Assigned task: The result should be an exact copy of every record, with no pictures kept.

Captioned web images:
----------

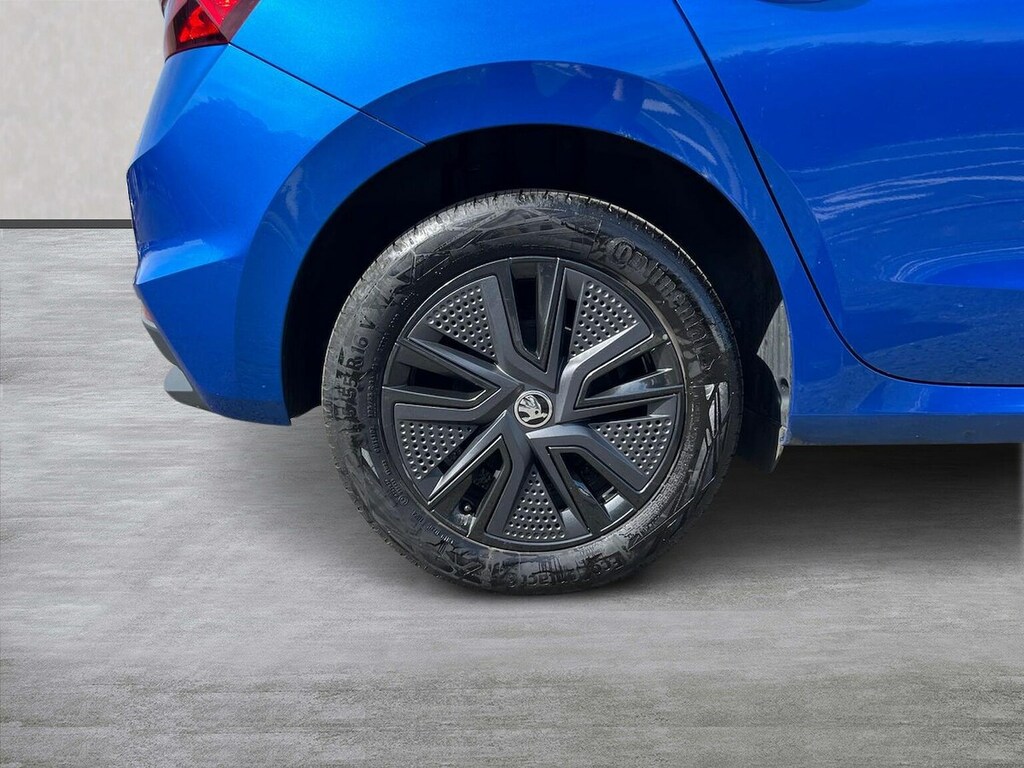 Skoda Fabia 1.0 Tsi Design Edition Hatchback ND74DVX Blue #6
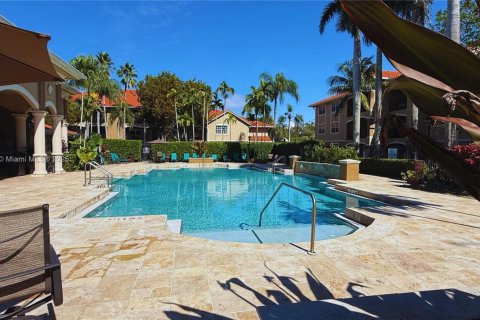 Copropriété à vendre à Pembroke Pines, Floride: 1 chambre, 64.1 m2 № 1963476 - photo 2
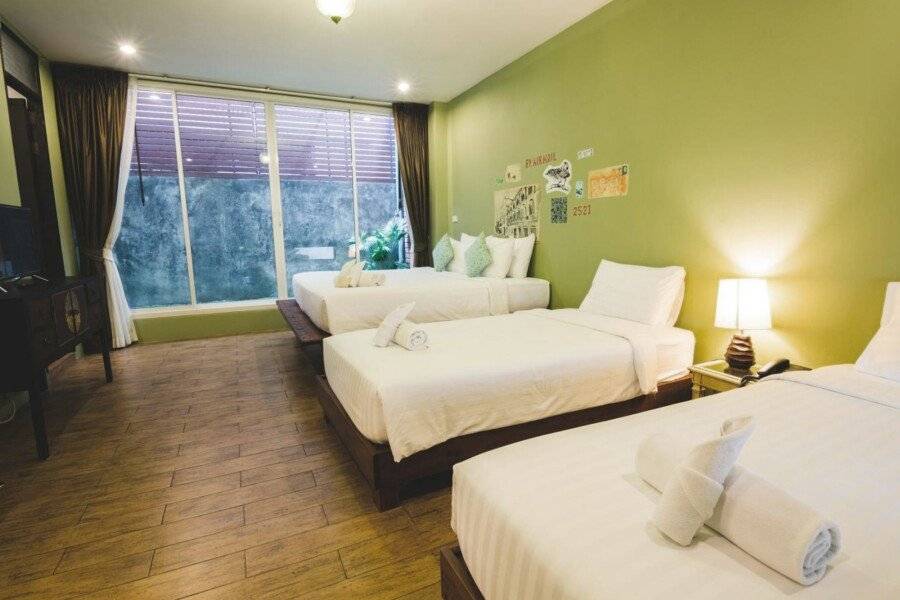 Feung Nakorn Balcony Rooms and Cafe hotel bedroom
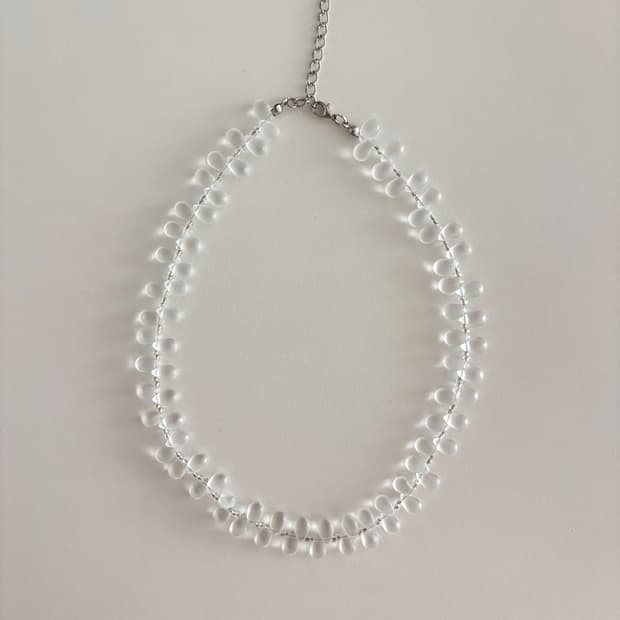 Snow Petal 목걸이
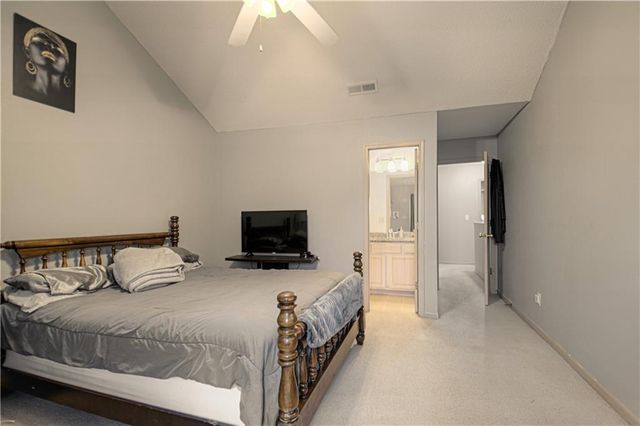 10631 E 46th Terrace, Kansas City, MO 64133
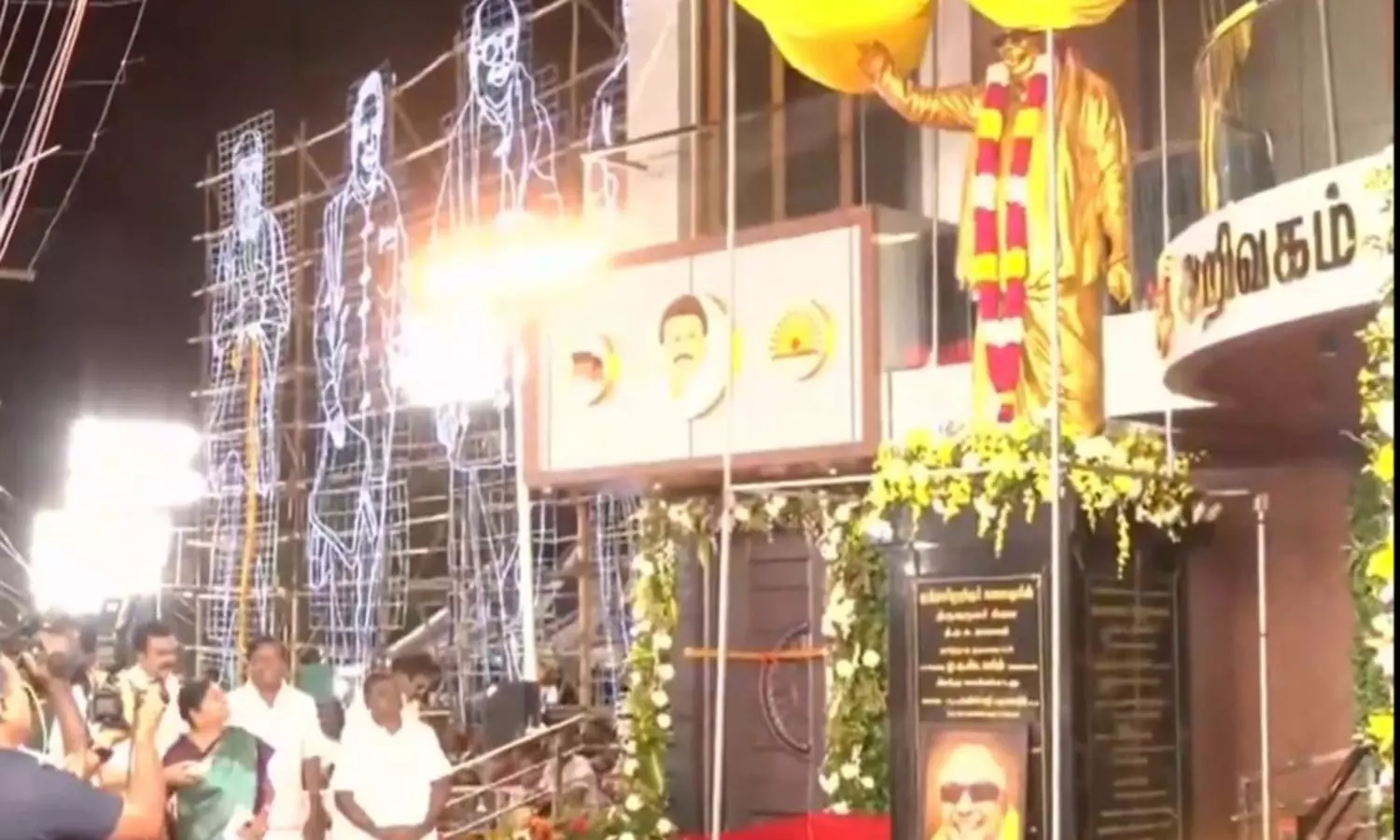 கோவில்பட்டி: கலைஞர் சிலையை திறந்து வைத்தார் முதல்வர் மு.க.ஸ்டாலின் கோவில்பட்டி: கலைஞர் சிலையை திறந்து வைத்தார் முதல்வர் மு.க.ஸ்டாலின்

----------

Response below:
 Skoda Fabia 1.0 Tsi Design Edition Hatchback ND74DVX Blue #6
 Copropriété à vendre à Pembroke Pines, Floride: 1 chambre, 64.1 m2 № 1963476 - photo 2
 Feung Nakorn Balcony Rooms and Cafe hotel bedroom
 Snow Petal 목걸이
 10631 E 46th Terrace, Kansas City, MO 64133
 கோவில்பட்டி: கலைஞர் சிலையை திறந்து வைத்தார் முதல்வர் மு.க.ஸ்டாலின் கோவில்பட்டி: கலைஞர் சிலையை திறந்து வைத்தார் முதல்வர் மு.க.ஸ்டாலின்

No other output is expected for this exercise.